Um das frases que lembro ter sido repetida mais de uma vez por ele era a de que a palavra sabor tem a mesma raiz semântica da palavra saber. Anos depois, pude relacionar a referência do professor Nelson a importância da experiência para o conhecimento do fenômeno jurídico (como realçado também por Miguel Reale)[4], bem como a historicidade do fenômeno jurídico. Para Judith Martins-Costa tal perspectiva consiste na “compreensão do Direito in acto, isto é, como ‘concretitude de valoração do Direito’, como ‘realidade histórico-cultural […] atual e concretamente presente à consciência em geral, tanto em seus aspectos teoréticos como práticos’”.[5]
A perspectiva histórica (ou historicismo) foi um traço marcante no pensamento de Nelson Saldanha. Esta foi a nota característica do pensamento do professor Nelson no âmbito do que se poderia chamar de movimento culturalista (apesar dele mesmo não se considerar exatamente um), que tem em Miguel Reale um dos pontos altos. O historicismo procura encarar as “experiências humanas como algo que, não podendo ocorrer senão em situações históricas, adquirem significado na medida em que se encaixam numa interpretação que leva em conta tais situações”.[6] Muita vez, observa-se entre alguns adeptos do chamado “direito civil-constitucional” uma atitude metodológica que parece ignorar esta historicidade do direito, porquanto considere que a Constituição de 1988 fez tabula rasa do direito civil.

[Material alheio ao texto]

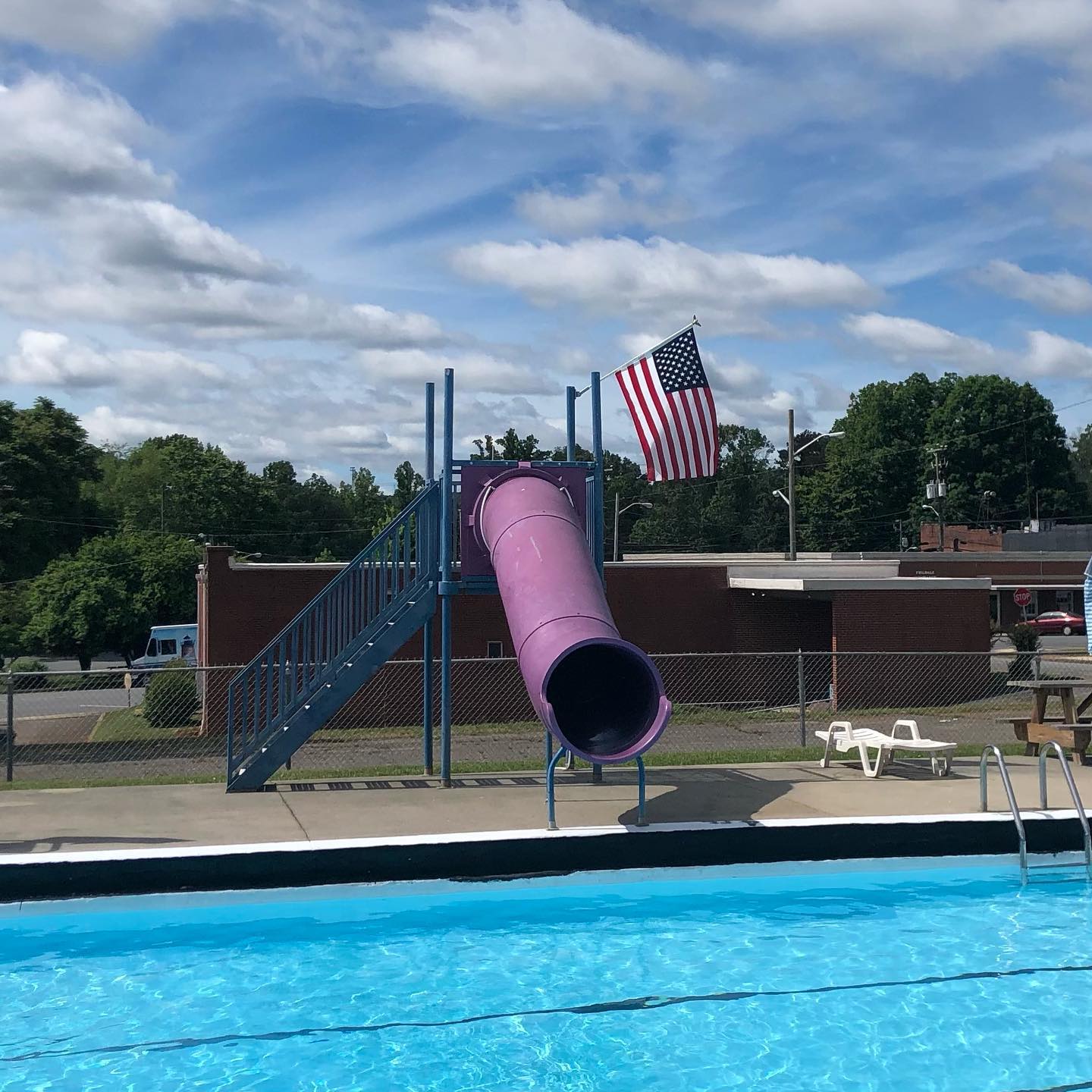 Fieldale Recreation Center6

Não é raro ver certos autores afirmarem que a Constituição Federal de 1988 iniciou uma nova era no direito privado, como se ignorassem o valor da multissecular tradição privatista. Esta visão a-histórica do fenômeno jurídico guarda relação com o insuficiente desenvolvimento de uma teoria filosófica das ciências culturais e com o prestígio do conceito físico-matemático de ciência.[7]
Esta fragmentação do direito civil, que paulatinamente deixa de ter um locus próprio para se misturar ao direito constitucional, era motivo de preocupação para Nelson Saldanha. Para ele, “em nosso tempo de desconstruções, reconstruções, decodificações e hermenêutica, a revisão do sentido da teoria jurídica precisa incluir o reexame da posição privatística como mater do pensamento jurídico ocidental”.[8]
Por fim, a adoção de uma perspectiva historicista (ou culturalista) – como a de Nelson Saldanha, Miguel Reale e Judith Martins-Costa – pode proporcionar uma “vacina” eficaz contra certo tipo de otimismo exagerado que às vezes se apresenta como verdadeira epidemia entre os juristas. Não raro, um civilista afirma que o direito civil atual “após a constitucionalização” foi elevado ao cimo da perfeição, ou que este é o estágio mais avançado da “evolução” normativa.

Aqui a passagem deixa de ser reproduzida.